Abstract:
Objective Existing automatic hedge-trimming methods fundamentally rely on manually predefined target contours and are unable to make autonomous decisions according to actual growth conditions. To address this limitation, this study aims to propose an intelligent trimming-point generation framework capable of autonomously completing the processes of “perception-understanding-decision-making”, thereby promoting hedge trimming from programmed automation to intelligent autonomy.
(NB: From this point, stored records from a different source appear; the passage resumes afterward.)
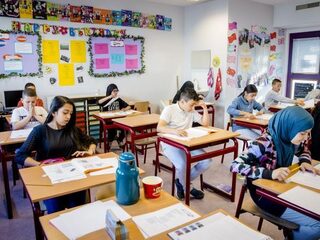 NPO Radio 1 bij de les: Kinderen in de klas hebben een slechte houding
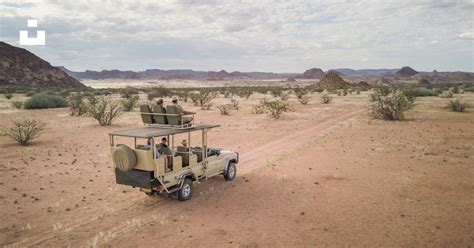 Un buggy traversant un paysage désertique rocheux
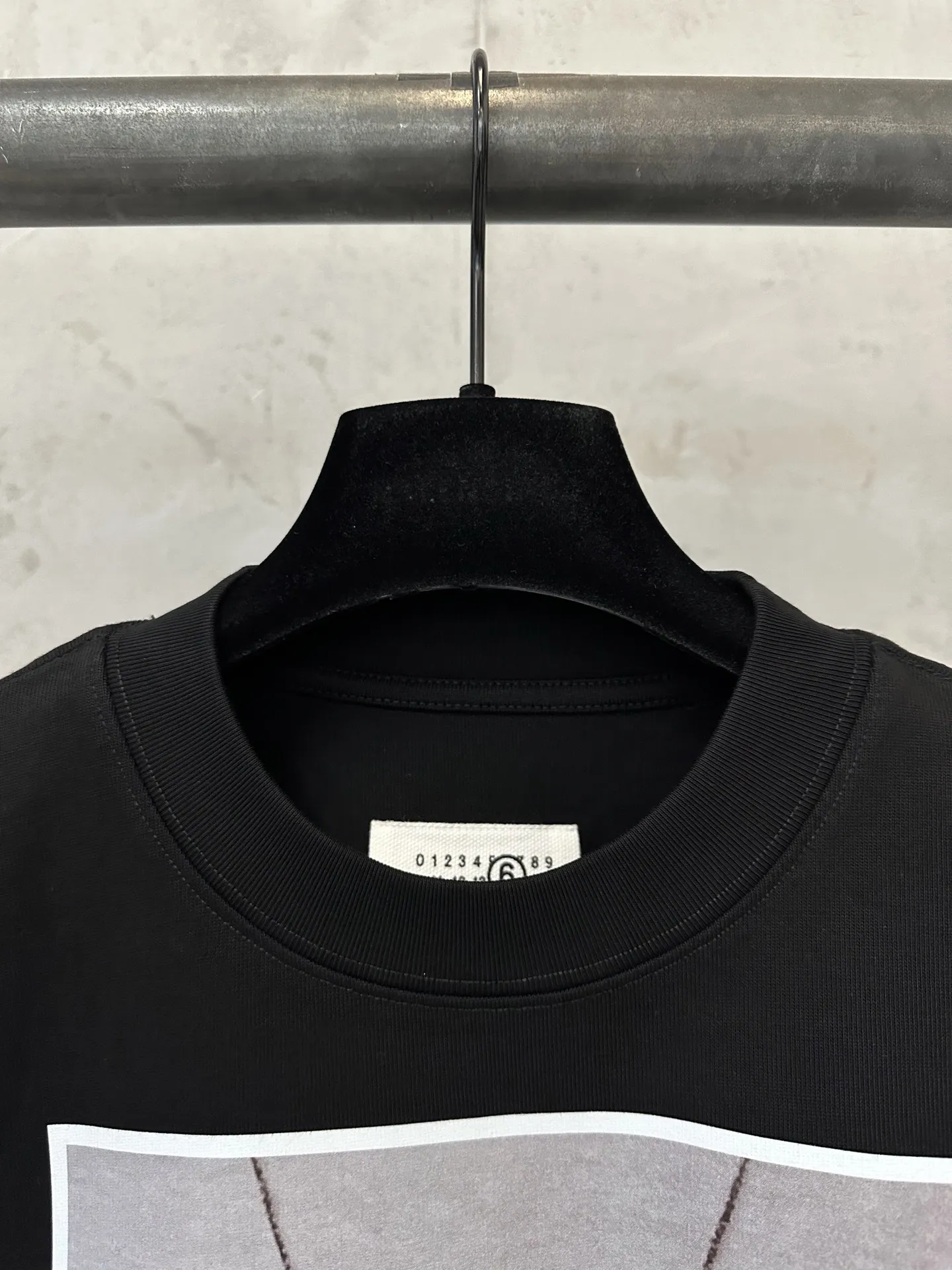 Key Graphic Print Heavyweight Cotton T-Shirt D18011351 — view 5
Method A three-level technical framework of “intelligent segmentation-geometric fitting-task generation” was proposed. First, high-fidelity hedge point clouds were reconstructed from surround-view videos using neural radiance fields (NeRF). Then, PointNet++ was innovatively improved to build Hedge-PointNet, in which point-wise Softmax probability modeling and multi-round inference fusion strategies were introduced to achieve accurate semantic segmentation of hedges and background. Subsequently, robust geometric fitting methods, including random sample consensus (RANSAC), were adaptively selected according to semantic categories to reconstruct the target trimming surface. Finally, actual trimming points were intelligently extracted through surface meshing and point-cloud projection strategies.
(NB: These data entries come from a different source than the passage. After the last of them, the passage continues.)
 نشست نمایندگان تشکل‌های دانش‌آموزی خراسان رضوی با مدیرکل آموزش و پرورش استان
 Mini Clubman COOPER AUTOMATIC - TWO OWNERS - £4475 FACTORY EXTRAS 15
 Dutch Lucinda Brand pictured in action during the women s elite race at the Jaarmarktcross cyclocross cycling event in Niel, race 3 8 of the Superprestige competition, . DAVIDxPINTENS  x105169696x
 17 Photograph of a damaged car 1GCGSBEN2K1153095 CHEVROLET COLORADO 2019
Result Experimental results in complex real-world scenes showed that: (1) the proposed Hedge-PointNet achieved a mean intersection over union (mIoU) of 0.971 in semantic segmentation, significantly outperforming the baseline model; (2) in the spherical fitting task, the root mean square error of the RANSAC algorithm was 0.005 1 m, which was 96.7% lower than that of the conventional least-squares method, demonstrating strong robustness to outliers; and (3) the generated trimming-point set only needed to cover 36.1% of the potential points on the target surface to achieve the same trimming effect, reducing ineffective trimming actions by 63.9% and achieving a favorable balance between accuracy and efficiency.
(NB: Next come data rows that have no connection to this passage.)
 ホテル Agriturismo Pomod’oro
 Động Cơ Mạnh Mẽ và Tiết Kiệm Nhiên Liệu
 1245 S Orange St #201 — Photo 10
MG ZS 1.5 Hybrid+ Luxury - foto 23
Conclusion This study not only realized autonomous determination of hedge trimming contours and intelligent generation of operation instructions but also can serve as a perception and decision-making module in automated trimming equipment, providing target parameters and operation-point inputs for subsequent path planning and mechanical execution. The proposed framework shows good generality and can provide a reference for target recognition and operation decision-making in garden maintenance, crop training and pruning, and related robotic 3D operation tasks.